Operations & Maintenance

Management Commands

Upgrading

Once Agent Stack is running, use these Helm and kubectl commands to manage the lifecycle of your deployment.
TaskCommand
Upgrade Platformhelm upgrade --install agentstack -f config.yaml oci://ghcr.io/i-am-bee/agentstack/chart/agentstack:<version>
View Active Confighelm get values agentstack
Deployment Statushelm status agentstack
Resource Healthkubectl get pods , kubectl logs deployment/agentstack-server
Uninstallhelm uninstall agentstack

Troubleshooting

If you encounter issues during or after deployment, use the following commands and checklists to diagnose the problem.

Common Issues

Platform not starting:
# Check pod status
kubectl get pod

# Check server logs
kubectl logs deployment/agentstack-server
# If server is not starting, check specific init container logs (e.g. migrations)
kubectl logs deployment/agentstack-server -c run-migrations

# Check events
kubectl get events --sort-by=.lastTimestamp
Authentication issues:
  • Redirect URIs: Your Identity Provider must whitelist https://<your-url>/api/auth/callback.
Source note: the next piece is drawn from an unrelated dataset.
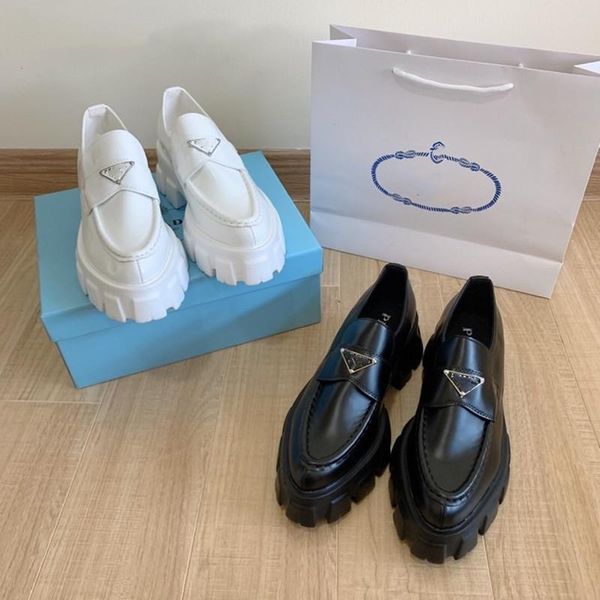 dress shoes leather women's 2021 european and american fashion triangular standard thick bottom elastic sleeve boots, Black
dress shoes leather women's 2021 european and american fashion triangular standard thick bottom elastic sleeve boots, Black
For CLI usage, you must also whitelist http://localhost:9001/callback.
  • CLI Application: Consider creating a separate public OIDC application for the CLI
  • Audience Claim: The audience claim in your JWT must match the public URL of your application exactly, with no trailing slash (e.g., https://example.com).
  • Proxy Headers: If you are behind a load balancer or ingress, trustProxyHeaders: true must be enabled in your config to correctly forward request URLs.